§ TASK INPUTS
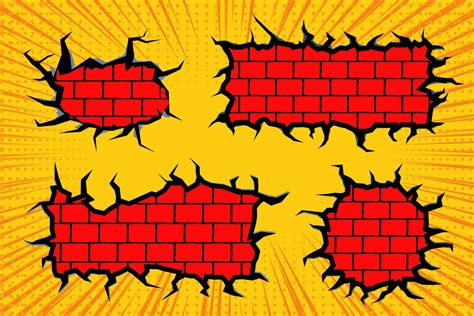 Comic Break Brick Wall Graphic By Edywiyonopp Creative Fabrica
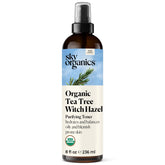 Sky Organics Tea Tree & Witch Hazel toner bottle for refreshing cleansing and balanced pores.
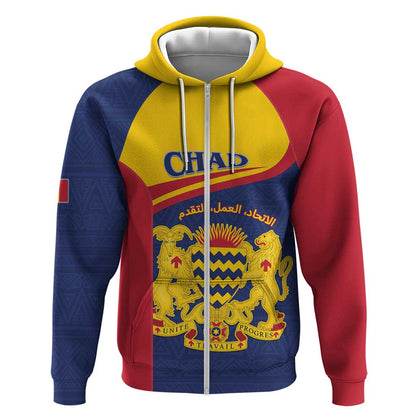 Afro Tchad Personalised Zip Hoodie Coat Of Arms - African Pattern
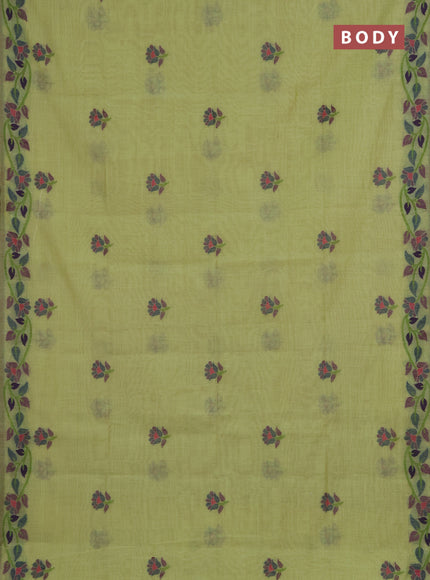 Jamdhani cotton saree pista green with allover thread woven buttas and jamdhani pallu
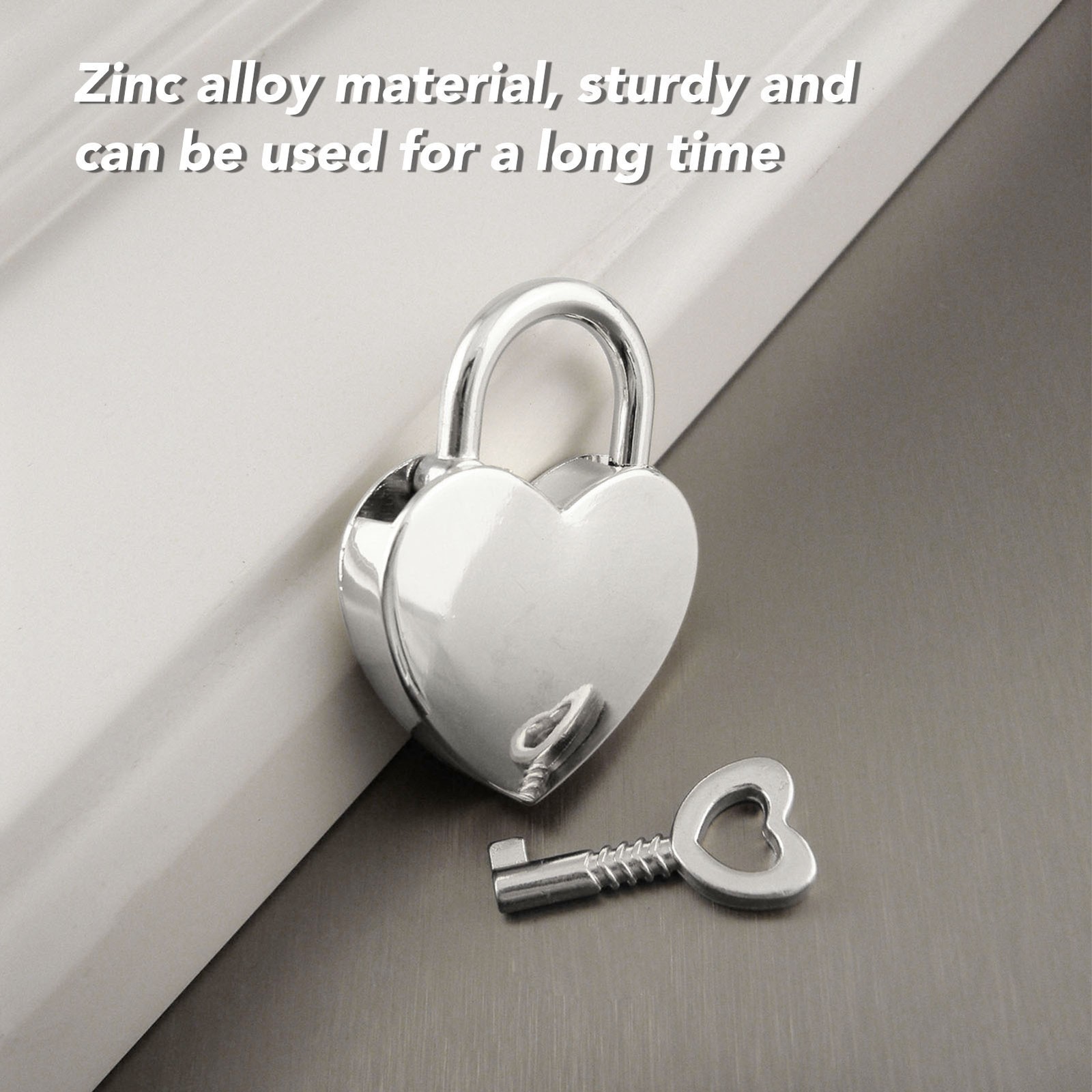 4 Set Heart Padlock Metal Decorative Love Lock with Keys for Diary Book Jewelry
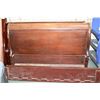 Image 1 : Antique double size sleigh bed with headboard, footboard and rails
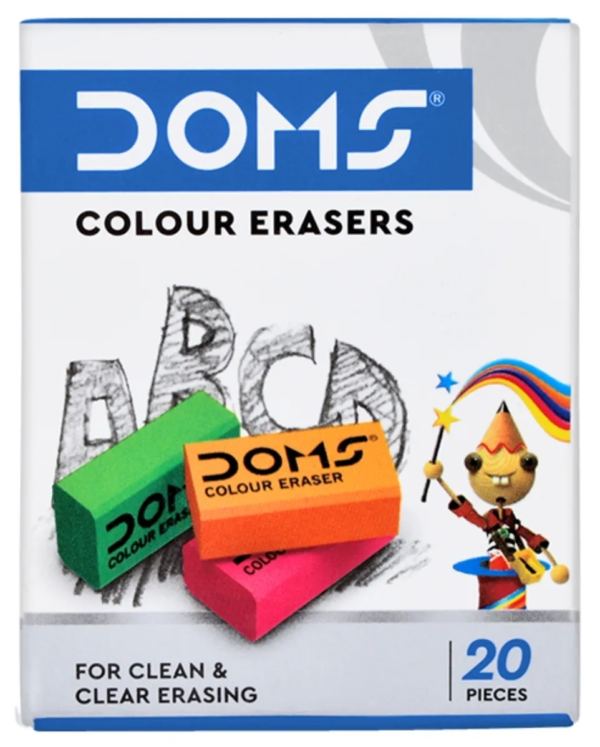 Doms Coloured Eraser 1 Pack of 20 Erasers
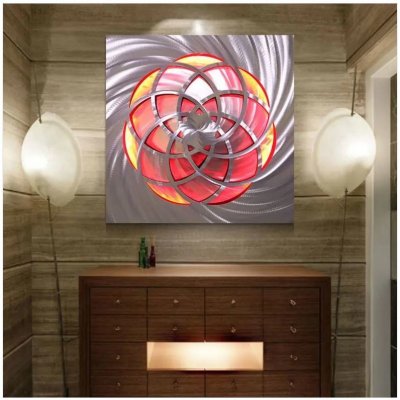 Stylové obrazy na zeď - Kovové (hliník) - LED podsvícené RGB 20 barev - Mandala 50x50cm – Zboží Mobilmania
...
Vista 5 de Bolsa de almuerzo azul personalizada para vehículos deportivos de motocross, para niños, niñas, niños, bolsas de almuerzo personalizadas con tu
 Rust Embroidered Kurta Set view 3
---
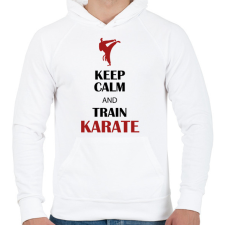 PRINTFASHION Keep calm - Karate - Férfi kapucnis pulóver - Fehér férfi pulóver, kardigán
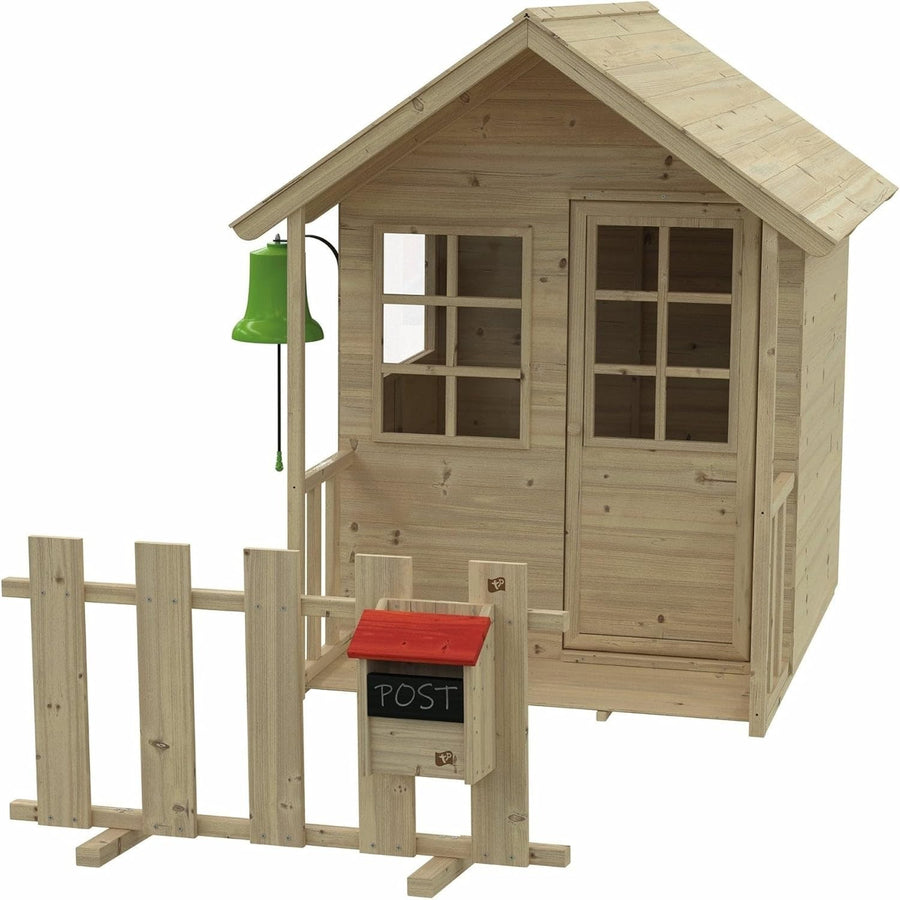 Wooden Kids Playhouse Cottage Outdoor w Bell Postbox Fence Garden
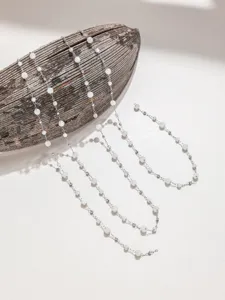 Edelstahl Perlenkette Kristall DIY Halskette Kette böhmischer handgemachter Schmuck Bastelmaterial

§ WHAT THE EXERCISE ASKS
Starting at the line above that has "PRINTFASHION Keep calm" and ending at the line that has "Edelstahl Perlenkette Kristall", copy each line exactly, leaving the pictures out and adding nothing.

§ TASK RESPONSE
 PRINTFASHION Keep calm - Karate - Férfi kapucnis pulóver - Fehér férfi pulóver, kardigán
 Wooden Kids Playhouse Cottage Outdoor w Bell Postbox Fence Garden
 Edelstahl Perlenkette Kristall DIY Halskette Kette böhmischer handgemachter Schmuck Bastelmaterial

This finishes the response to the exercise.